2005年6月16日(木)「しんぶん赤旗」
主張
郵政民営化法案
340兆円を日米資本の食い物に
郵政民営化を実行した場合、厳しい金融環境の下で民営郵貯は六百億円の赤字に陥る。民営化せず公社を維持すれば千四百億円の黒字になる(二〇一六年度)―。郵政民営化法案を審議している衆院特別委。日本共産党の佐々木憲昭議員の質問に竹中郵政民営化担当相が答えました。
なぜ、こんな危険を冒してまで民営化に固執するのでしょうか。
「結局、郵貯・簡保など三百四十兆円の国民の資産を日米の巨大資本に明け渡すことになる」。佐々木議員の指摘に、竹中大臣も小泉首相も答えることはできませんでした。
日米金融会社の要求
〇五年版「骨太方針」の原案は、郵政民営化を、「資金の流れを『官から民へ』」変える「改革」だと強調しています。
「資金の流れ」論で、これまで小泉首相が主張してきたのは、郵政民営化によって、「官」(特殊法人)のムダ遣いに流れる資金を絶つということです。しかし、ムダ遣いを正すには、ムダな事業そのものにメスを入れることこそ必要です。しかも、〇一年度の財投「改革」で特殊法人と郵貯・簡保の資金は切り離されています。首相の主張は完全に根拠を失っています。
残るのは「資金の流れ」の半面、郵貯・簡保の資金を「民に流す」という議論です。これを要求してきたのは国民ではなく、日米の「民」間金融会社です。
日本の大銀行・保険会社は長年、郵貯・簡保の貯金・保険契約の明け渡しを政府に迫ってきました。
一日の経済財政諮問会議に、郵政民営化による「資金の流れ」の変化を試算した資料が提出されました。
それによると郵貯・簡保の資金は〇三年度末の三百五十兆から一七年度末には二百十兆円に縮小。縮小分の百四十兆円と経済拡大による預金・保険の増加分の四百四十兆円、計五百八十兆円は全部アメリカ資本を含む民間金融会社が吸い上げます。
米国の目当ては千四百兆円に上る日本国民の個人金融資産です。
一九九六年、当時の橋本首相は金融ビッグバンに着手しました。金融を全面自由化し、預貯金など安全資産の比重が高い個人の金融資産を流動化させ、株式市場などに流れるようにつくりかえる狙いです。

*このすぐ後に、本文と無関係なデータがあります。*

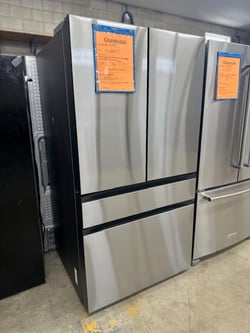 Samsung RF70F29DER French Door Refrigerator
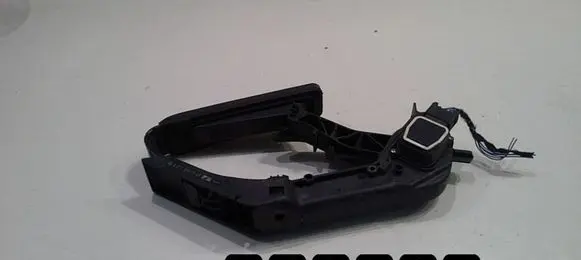 Mercedes-Benz E W211 Accelerator throttle pedal 2113000504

宣伝文句はグローバルスタンダード(地球標準)。その実態は、米国の金融会社に都合のいい、株式市場を主役にした金融制度づくり。アメリカンスタンダードの移植にほかなりませんでした。
廃案にするしかない
背景に米財務省の圧力があったことは公然の秘密です。米国の産業の中で圧倒的な競争力を持つ金融部門の大もうけを保障するためです。
日本に進出しているアメリカ企業でつくる在日米国商工会議所は、金融自由化は進んだものの「簡保と郵貯の改革は日本の金融ビッグバンの対象外とされた」と指摘。次のように主張しています。
郵政民営化は「ビッグバン原則に則(のっと)って実施され、かつそれを補完する形で行われるべきである」。さらに外国人投資家の株式所有を規制しないよう説いています。
米国はブッシュ大統領を先頭に、日本の金融のアメリカ化を完成させるため、郵貯・簡保の買収も視野に入れて完全民営化を求めています。
民営化で資金の流れを変えるという政府の主張は、郵貯・簡保の三百四十兆円(五月現在)を日米の巨大金融会社の食い物にする暴論です。
こんな法案は廃案にするしかありません。